Highest ranking 4-star rank officer in the Pakistan Air Force

The Chief of the Air Staff (Note: Urdu: ) (reporting name: CAS) is a senior Pakistani military appointment and a statutory office held by an Air Chief Marshal in the Pakistan Air Force, who is appointed by the prime minister of Pakistan with final confirmation by the president of Pakistan. The CAS is the highest-ranking officer of the air force.

Until 2025, the Chief of the Air Staff was also a senior member of the Joint Chiefs of Staff Committee in a separate capacity and usually provided necessary consultation to the erstwhile Chairman Joint Chiefs of Staff Committee to act as a principal military adviser to the prime minister and its civilian government in the line of defending and guarding the nation's airspace and aerial borders.

The Chief of the Air Staff exercises his responsibility of command and control of the operational, administration, combatant, logistics, and training commands within the Air Force.

Since 1985, the appointment, in principle, was constitutionally subjected for three years. However, in March 2024, the incumbent chief was controversially given a one year extension in his tenure. In November 2024, the term length was increased to five years. The Chief of the Air Staff is based at the Air Headquarters, and the current chief is Air Chief Marshal Zaheer Ahmad Babar.

==History==
In 1957, the Government of Pakistan appointed Air Vice Marshal Asghar Khan, who became the first native Commander-in-Chief. On 20 March 1972, the title of the office was changed to Chief of Air Staff with Air Marshal Zafar Chaudhry being appointed as the first officer to hold the title.
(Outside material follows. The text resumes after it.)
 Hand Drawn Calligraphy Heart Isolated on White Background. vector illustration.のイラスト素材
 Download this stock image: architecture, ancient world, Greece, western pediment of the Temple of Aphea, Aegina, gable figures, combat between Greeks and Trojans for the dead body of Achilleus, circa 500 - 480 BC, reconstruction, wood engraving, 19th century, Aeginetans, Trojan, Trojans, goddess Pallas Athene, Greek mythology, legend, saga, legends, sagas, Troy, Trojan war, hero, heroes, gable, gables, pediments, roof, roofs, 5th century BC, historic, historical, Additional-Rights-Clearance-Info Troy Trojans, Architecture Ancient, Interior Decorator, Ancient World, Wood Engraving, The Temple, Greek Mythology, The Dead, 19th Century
The Air Force had its first four-star rank officer, Air Chief Marshal Zulfiqar Ali Khan, in 1974. The term of the superannuation was then constrained to three years in the office as opposed to four years and air chief was made a permanent member of Joint Chiefs of Staff Committee. Since 1974, all air chiefs have been four-star rank air force officers.

The Chief of the Air Staff is nominated and appointed by the prime minister whose appointment is then confirmed by the president. The air force leadership is based in the AHQ (PAF) in Islamabad, at the vicinity of the Naval Headquarters.

The Chief of the Air Staff leads the functions of the AHQ, assisted by the civilians from the Air Force Secretariat-II of the Ministry of Defence (MoD). The Chief of the Air Staff exercise its responsibility of complete operational, training and logistics commands. In addition, the air chief has several staff officers:-
- Vice Chief of the Air Staff
  - Deputy Chiefs of the Air Staff
    - Deputy Chief of The Air Staff (Operations) — DCAS(O)
    - Deputy Chief of The Air Staff (Engineering) — DCAS(E)
    - Deputy Chief of The Air Staff (Administration) — DCAS(A)
    - Deputy Chief of The Air Staff (Training)	— DCAS(T)
    - Deputy Chief of The Air Staff (Personnel) — DCAS(P)
    - Deputy Chief of The Air Staff (Support) — DCAS(S)
    - Inspector General Air Force — IGAF
    - Chief Project Director JF-17 Thunder — CPD JF-17 Thunder
    - Director General Air Force Strategic Command — DG AFSC
    - Director General Air Intelligence — DG AI
    - Director General Command, Control, Communication, Computers and Intelligence	— DG C4ISTAR
    - Director General Projects — DG Projects
    - Director General Security — DG Security

== Appointees ==

The following tables chronicle the appointees to the office of the Chief of the Air Staff or its preceding positions since the independence of Pakistan.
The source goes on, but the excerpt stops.